NAIL FERGUSON (Photo: March in London, against the vaccine passports policy 

In the face of a credible challenger from Centre-Right, I am beginning to doubt that Emmanuel Macron can win a second term in France as president.

Brazil’s charismatic populist Jairbolsonaro appears to be in the end, as Luiz Inacio Lula Da Silva has been released from jail and his corruption convictions have been overturned.

Maybe these foreign leaders envie Boris Johnson because he doesn’t need to confront his country’s electorate until 2024. 

However, it is not the electorate Johnson has to worry about, so much as Tory MPs and party members, who increasingly share the view of his embittered former adviser Dominic Cummings that the PM has all the strategy – not to mention the principles – of a careening supermarket trolley.

Since Margaret Thatcher’s death, seven Tory leaders have led the party, only John Major and David Cameron of which lasted more than five years. William Hague was unable to survive for more than four years.

The rest – Iain Duncan Smith, Michael Howard and Theresa May – served 26, 25 and 36 months, respectively. Johnson stands at 29. He looks unlikely to reach 100, much like an English cricketer in the Boxing Day Ashes test.

Russian President Vladimir Putin looks rather more durable and now seems intent on emulating the greatest victory of his idol, Tsar Peter the Great – by winning a war in Ukraine.

He has his forces advancing along the Ukrainian border. His bellicose rhetoric only grows. The US is putting calculated economic pressure on Britain’s European allies by reducing gas exports from Europe.

And he is counting on bumbling Joe Biden to retaliate with nothing more than financial sanctions when Russian forces sweep westwards towards Kiev – much as happened in 2014, when Biden was vice president and Putin annexed Crimea with near impunity. Putin may be right. Putin is probably right.

With yet another outbreak of Covid restrictions, infections and irritations in 2021, it’s tempting to exclaim: “Good riddance.” Do we really want to look ahead to 2022? True, the Queen’s Platinum Jubilee will be a cause of celebration, particularly around the special bank holiday in June – Covid permitting, that is.

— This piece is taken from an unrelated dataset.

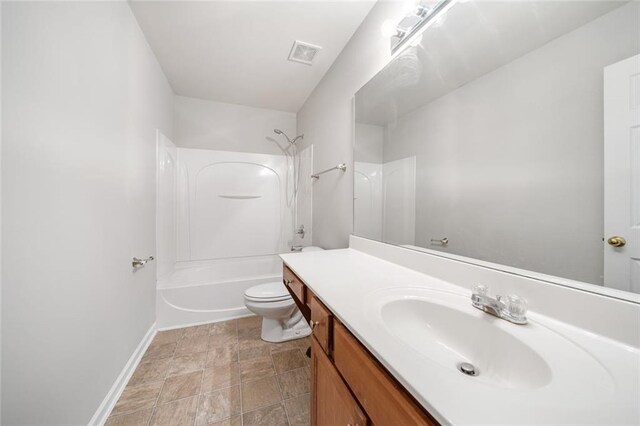 full bathroom featuring shower / washtub combination, vanity, and toilet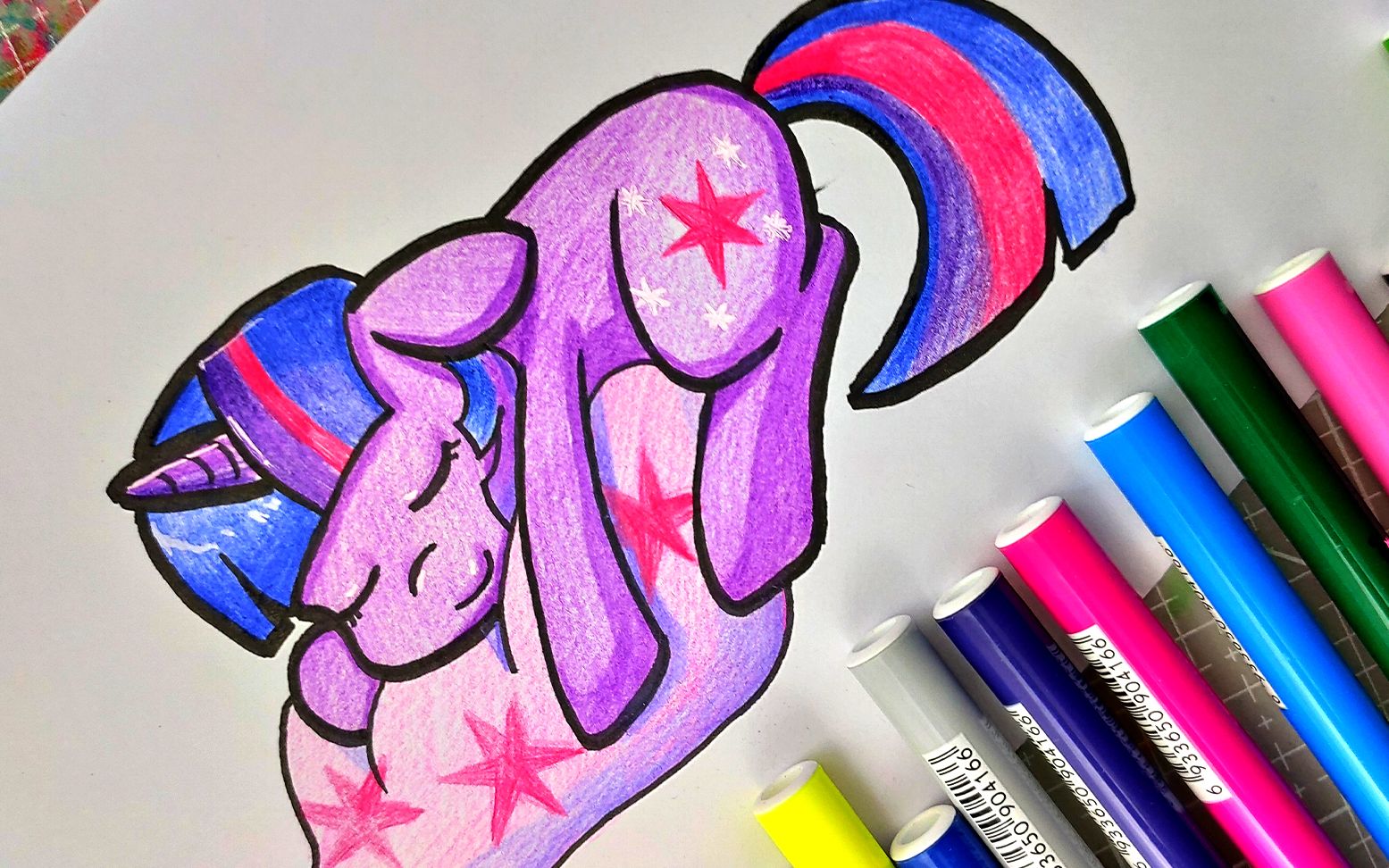 彩铅手绘小马宝莉聪明可爱的紫悦公主彩铅上色过程很解压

And when compared with other countries, like an ever-polarised America, and an ever closer China, there are reasons to smile at the United Kingdom.

Some optimists hoped for a repeat of the Roaring Twenties a year ago. It was a decade-long celebration to match Scott Fitzgerald’s Great Gatsby. This is a terrible chance.

Churchill once said to a young Tory MP: “The secret to drinking is not to drink too much every day.” It seems that this is the best and only way I can cope with the Boring Twenties.

Niall Ferguson is the Milbank Family senior fellow at Stanford’s Hoover Institution. He also manages Greenmantle. Doom: Political Catastrophe, his latest book.